Endless Pools – a hit among competitive swimmers and health-conscious consumers – has also surfaced at aquariums and zoos. Backyard pools might be next.
JAMES MURDOCK FOUNDED Endless Pools in 1988, but he doesn't take all the credit for a machine that allows people to swim in place. "Swimming machines are really an old idea, a turn-of-the-last century invention," he notes.
James's father, John Murdock, used to talk about the concept, recalling his own childhood in Arizona swimming in irrigation channels. Trained as a physicist, John Murdock went on to develop the perlite industry, and at 86 years old, is now working on offshore, submerged nuclear power plants. As James Murdock finished his MBA in marketing at Columbia University, he decided to follow in his father's entrepreneurial footsteps.
In 1988, with his savings and a grant from Columbia, James built his first swimming machine for the swim team on the university's pool deck. He worked with men's swim coach Jim Bolster "to build a machine with a great current where the coach could work directly with the swimmer," he says.
Unlike jetted spas, the current in an 8-by-15-foot Endless Pool is generated by a 16-inch propeller powered by a hydraulic motor. The wide, smooth current of water flows from this stainless-steel housing at the front of the pool, around the swimmer, and loops back to the front through stainless-steel "water return channels" that also serve as benches, he explains.
Initially, Murdock thought the market for the product would only be swimmers, but he soon realized its potential as a therapy pool thanks to his first customer, Bob Goldberger, provost of Columbia, who was also battling multiple sclerosis. "He called me into his office and said, 'I need one of these in my basement,'" Murdock states. "The only problem was he hadn't been in his basement in five years. He had no way to get downstairs, so he challenged me: 'If you build me an elevator, I'll buy one of your pools.' And we did, using a chain hoist and a steel frame I built.
"He was really quite an inspirational guy," Murdock recounts. "He was the one who really explained to me that a small pool would be wonderful for people needing therapy. He became an investor in the company and pointed the way toward making a therapy product, which in a sense is what an Endless Pool is. Most of our customers are buying the pool for some health reason. For many people, it's the desire for a quality swim. Others want warm water 24/7 in the comfort and privacy of home."
Endless Pools is also exploring other uses for its product. The Field Center in New Jersey is testing a small swimming machine as a possible treatment for infants with cerebral palsy. Its effectiveness is not yet proven, Murdock emphasizes, but he is hopeful about its potential. "The concept there is if you can promote movement using a weight-free environment, in water that's warm and comfortable, and conveniently located in the home where the therapist can be a parent, the children will benefit further than if they had traditional therapy only once or twice a week," he says.
With sales across the country and around the world, the company is now setting its sights on the greater residential pool market. "We've averaged 23 percent annual growth in the last 10 years, but Endless Pools still only represent about 1 percent of all pools," Murdock states. "The big development now is to take our technology and put it into the backyard pool. There are millions and millions of backyard pools and all of them are too short to swim in. With our new Fastlane, you can get an amazing, high quality swim in any existing or new backyard pool."
The company introduced the Fastlane in summer 2005. The hydraulically powered machine bolts to the pool deck with stainless-steel rails that look like a pool ladder and carry hydraulic lines back to a 5-horsepower power unit. "The idea is to create a current without using a jet," he says. "It feels like swimming in open water and you never once need to turn."

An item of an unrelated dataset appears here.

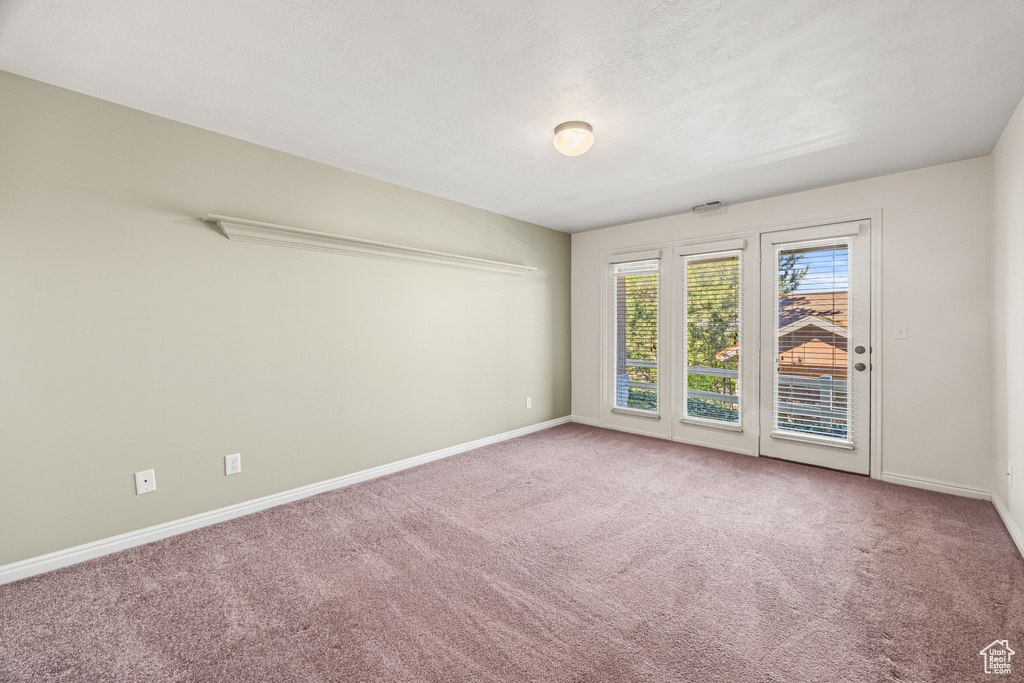 Carpeted empty room with a textured ceiling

Endless Pools has also added a Fastlane mirror that rests on the pool floor, allowing swimmers to watch and improve their stroke.
"The Fastlane is a huge opportunity," Murdock explains. "We want to partner with thousands of pool builders out there to offer homeowners a real and exciting way to swim at home."

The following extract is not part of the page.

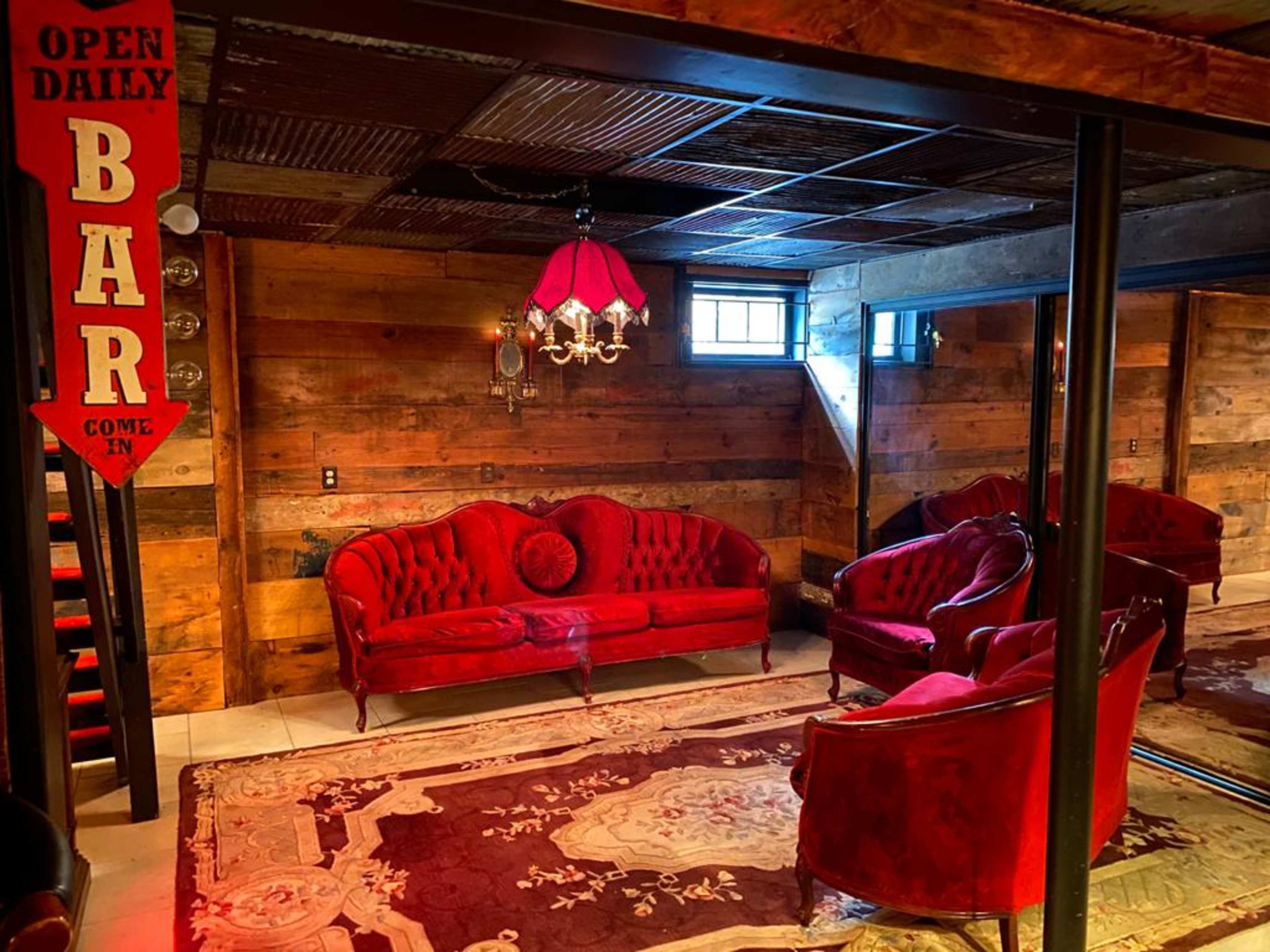 A bar area featuring red velvet seating, a chandelier, and wood-paneled walls.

In contrast to the standard pool-dealer model, the company has only sold the Endless Pools direct with DVDs, press materials and an "extremely knowledgeable direct-sales staff." Serious customers can test an Endless Pool in more than 600 locations nationwide, at the homes of Endless Pool customers.
It's a model that hinges on satisfied customers, Murdock notes. He's proud of the company's customer service, which is "best shown in the number of customers who volunteer to open their home to strangers."
The company has approximately 20,000 customers and is growing steadily. Murdock hopes to expand internationally and opened a UK office last year. With all this growth, he readily admits that management structures and professional development remain his biggest challenges, and he has established a formal in-house training program to develop employees in a more consistent and comprehensive way.
Although challenging at first, the long-term payoff of such employee education is immense, he states.